◆ Prompt ◆
Would you restate, word for word, only the lines starting at the one with "Vintage Mid-Century Modern" and ending with the final line of the entries below? Pictures stay out.

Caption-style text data
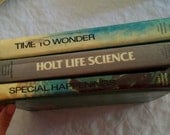 Set of 3 Hardcover Holt Science Basic Reading School Books Vintage 1980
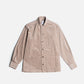 YK Taupe Stand Collar Work Jacket FW24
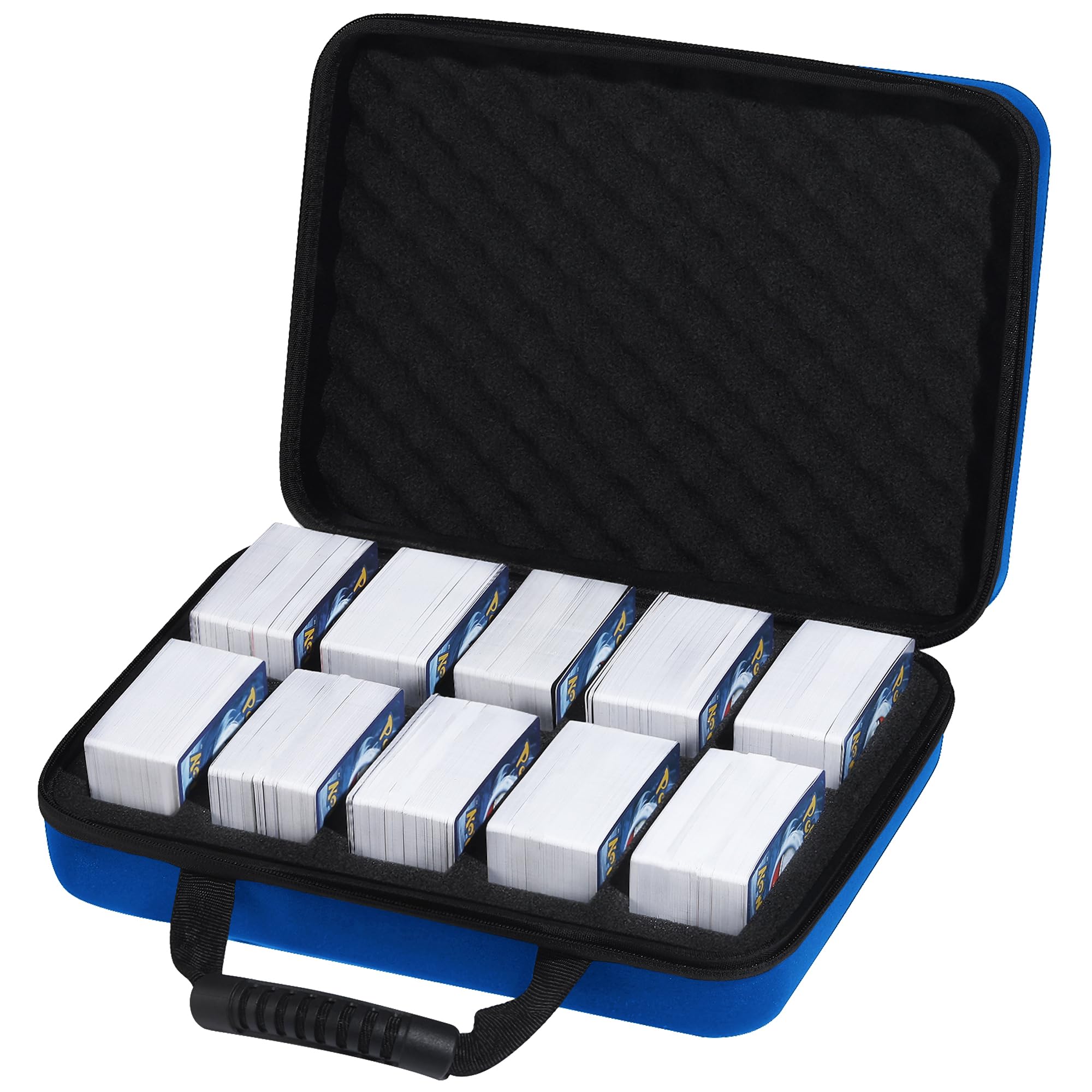 Lumus&SolemCarrying Case for Ptcg Trading Cards, Hard Cards Box Compatible with Pokemon Cards and Magic MTG Cards, Card Holder Storage 400+ Cards, Card Case are great Gifts for Boys (Blue)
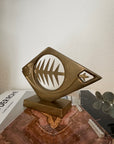 Vintage Mid-Century Modern Abstract Brass Fish Sculpture - 6 inches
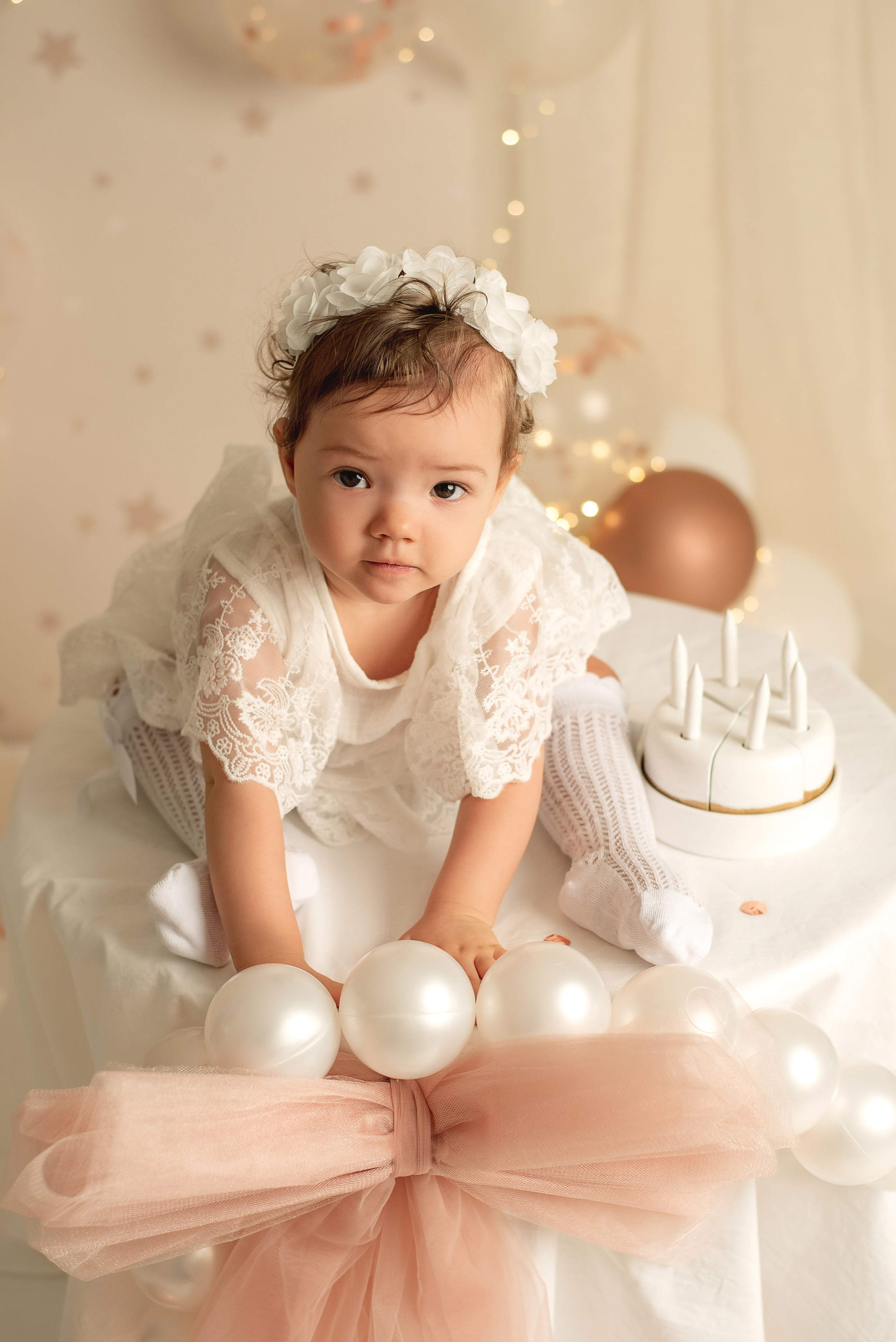 Леночка 1 годик. Семейный и детский фотограф Наталья Горда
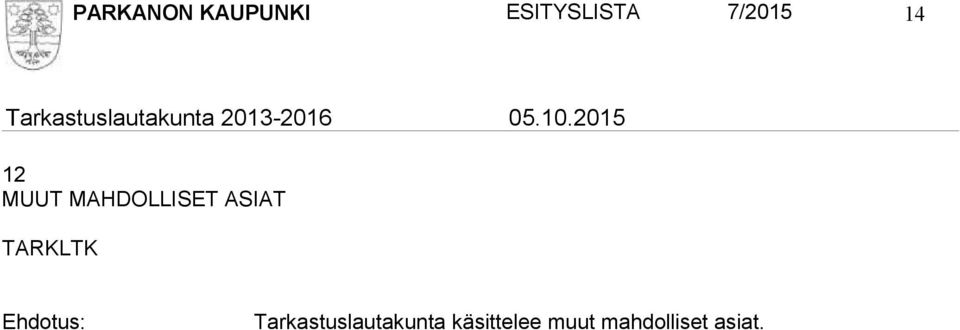 ASIAT Tarkastuslautakunta
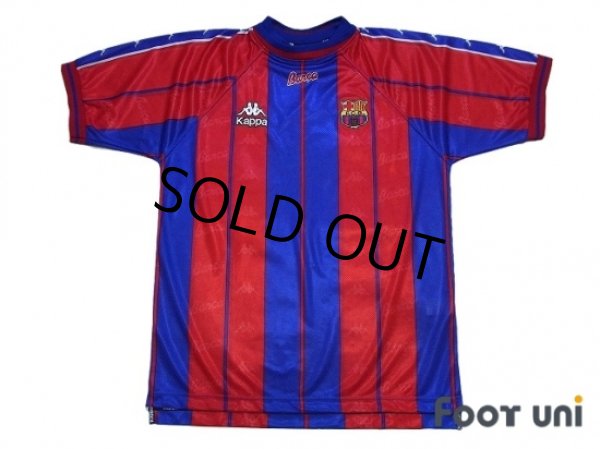 Photo1: FC Barcelona 1997-1998 Home Shirt #7 Figo (1)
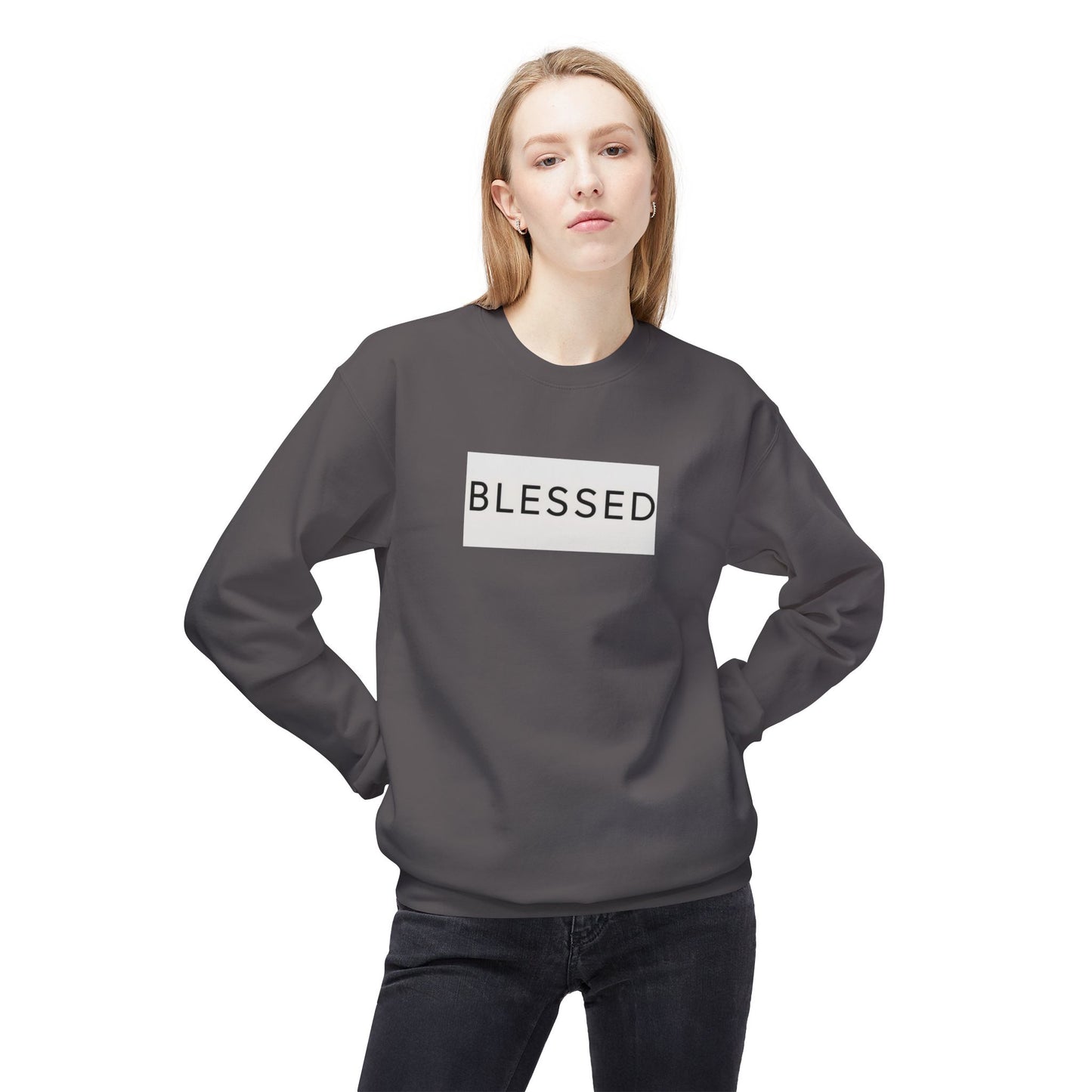 “Blessed” Crewneck Sweatshirt – Unisex Christian Apparel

◆ Solution for this exercise ◆
 Vintage Mid-Century Modern Abstract Brass Fish Sculpture - 6 inches
 Леночка 1 годик. Семейный и детский фотограф Наталья Горда
 ASIAT Tarkastuslautakunta
 Photo1: FC Barcelona 1997-1998 Home Shirt #7 Figo (1)
 “Blessed” Crewneck Sweatshirt – Unisex Christian Apparel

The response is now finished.